====== Exercise material ======

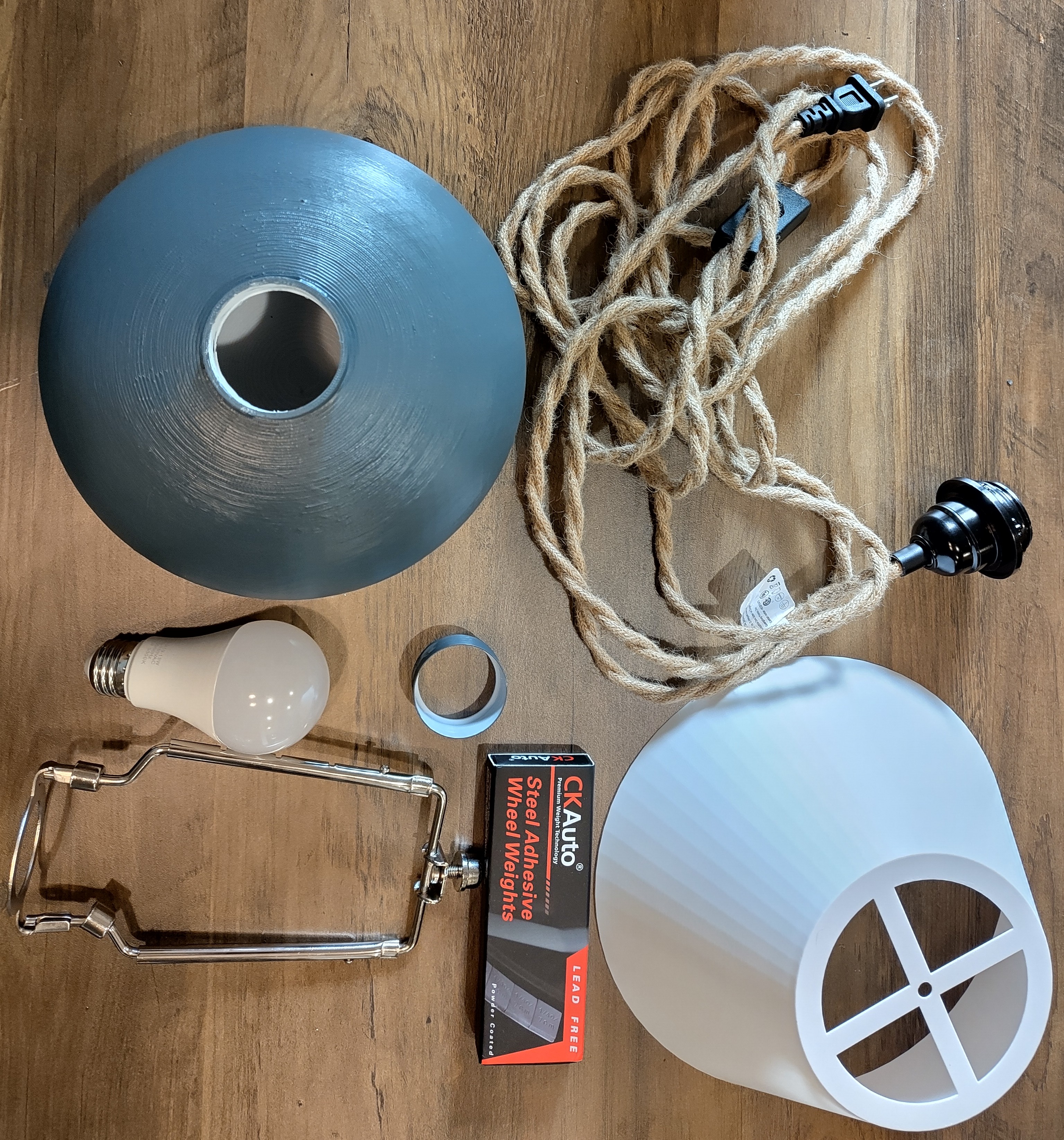 Soft Glow – A One-of-One Lamp I Designed and Printed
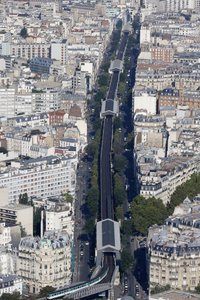 Stadt Paris, Die Metropole von Unbekannt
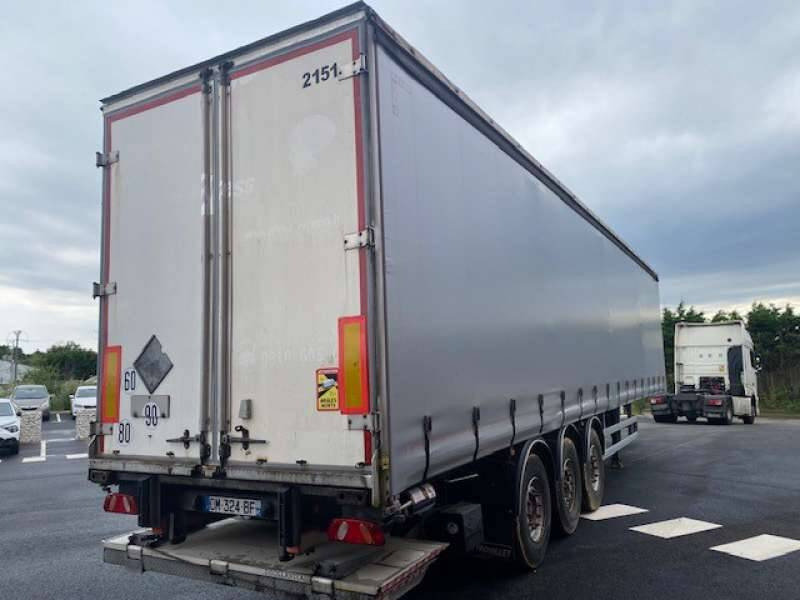 Semi-remorque 3 Essieux 38 TONNES HAYON 2 PORTES AR POLYMAX - Тентованный полуприцеп: фото 2 Semi-remorque 3 Essieux 38 TONNES HAYON 2 PORTES AR POLYMAX - Тентованный полуприцеп: фото 2
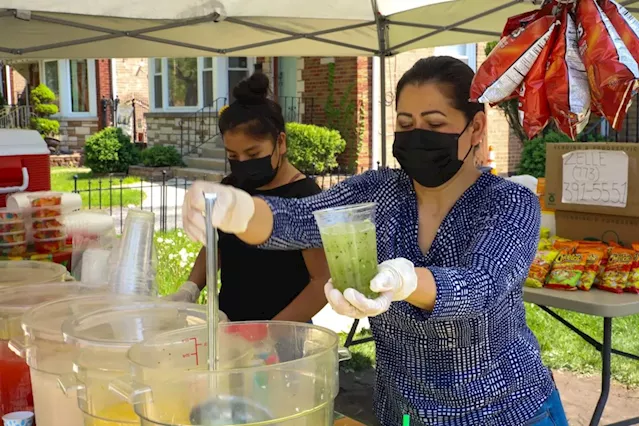 Aguas frescas in Chicago: How a family business out of a front yard grew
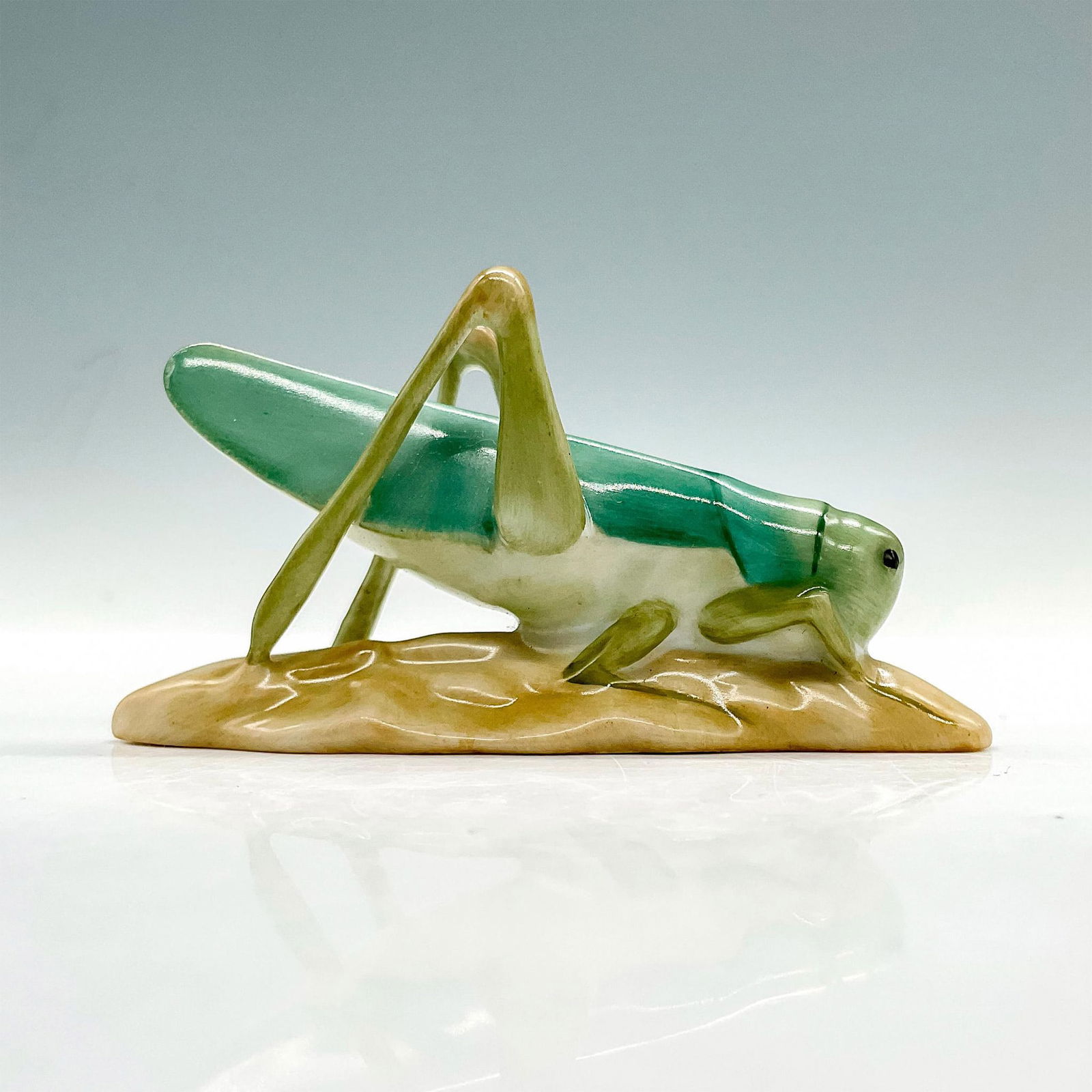 Herend Porcelain Figurine, Grasshopper (1 of 3)
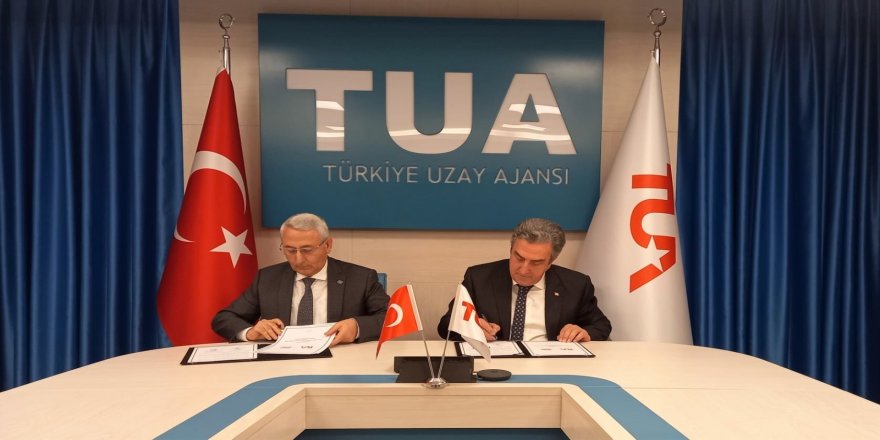 Türkiye Uzay Ajansı ve SAHA İstanbul arasında işbirliği protokolü imzalandı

======

__Task statement__. Starting from the line containing "Stadt Paris, Die Metropole von Unbekannt", repeat each line exactly through the end of the entries, including the last, while leaving pictures out.

__Problem solution__.
 Stadt Paris, Die Metropole von Unbekannt
 Semi-remorque 3 Essieux 38 TONNES HAYON 2 PORTES AR POLYMAX - Тентованный полуприцеп: фото 2 Semi-remorque 3 Essieux 38 TONNES HAYON 2 PORTES AR POLYMAX - Тентованный полуприцеп: фото 2
 Aguas frescas in Chicago: How a family business out of a front yard grew
 Herend Porcelain Figurine, Grasshopper (1 of 3)
 Türkiye Uzay Ajansı ve SAHA İstanbul arasında işbirliği protokolü imzalandı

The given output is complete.